In one of my very first writing classes, I introduced my students to the word ‘rhetoric.’ Starting with term recognition, I asked the students-what usually comes to mind when we hear the word rhetoric? Where, and in what context, do we usually hear that term being used? The anticipated response that was voiced cautiously by one brave student was in politics. I am sure I am not the first blogger to rant on and on about how erroneous that association is.
If you are reading these blogs of mine, you either already know the word entails more complexity, or perhaps, you suspect that it’s probably mostly showcased from a specific angle. Referencing Aristotle’s infamous treatise on the “Art of Persuasion,” rhetoric is defined as the art of effective or persuasive speaking or writing. Narrowly associated with politics, rhetoric is most often misunderstood, to be the art of effective or persuasive speaking or writing that is insincere or meaningless.
In my writing class I try to reinforce that rhetoric is not meaningless, it is rather a very powerful concept that when used effectively, helps us to bridge gaps of misunderstanding. In regards to writing, rhetoric helps to them understand their rhetorical context, and it provides them with a tool kit of rhetorical appeals that when used correctly, helps their audience best understood what they-the writer-is trying to convey.
The rhetorical contexts of purpose, audience, and genre– help the writer to identify the elements needed to make their writing recognizable to themselves, and to their prospective audience.

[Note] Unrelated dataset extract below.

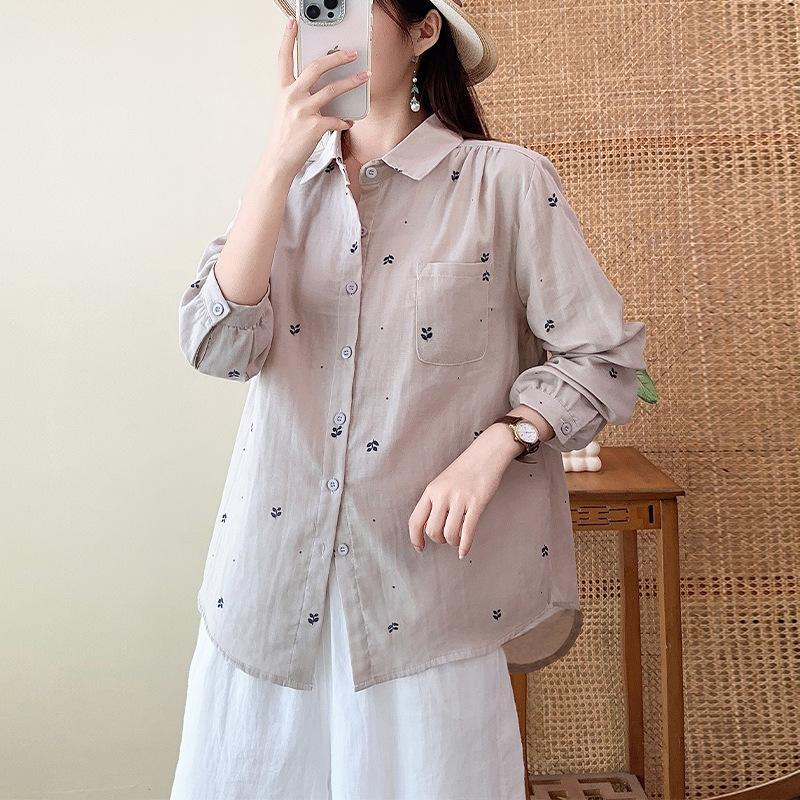 New Korean Temperament Casual Double-layer Cotton Yarn Pure Cotton Printed Shirt Women's Simple Design Versatile Lapel Shirt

The Rhetorical Appeals of ethos, pathos, and logos are tools the writer should use to strengthen their understandings of each element that exists within the rhetorical context
Therefore, when faced with a writing assignment, if we examine our 1) purpose for writing, 2) identify who our audience will be, and 3) recognize how best to convey our message within a specific genre, them we can more persuasively use the tools of ethos, pathos, and logos. Within this understanding, ethos is the conveying to the reader the credibility and trustworthiness of the writer, pathos is the figuring out of what emotional appeals your audience will understand and accept. In addition, logos, refers to the use of eternal information to support your writing, and/or structuring your ideas logically. All three help us to ensure that out writing is recognized in the way that it is intended to be understood.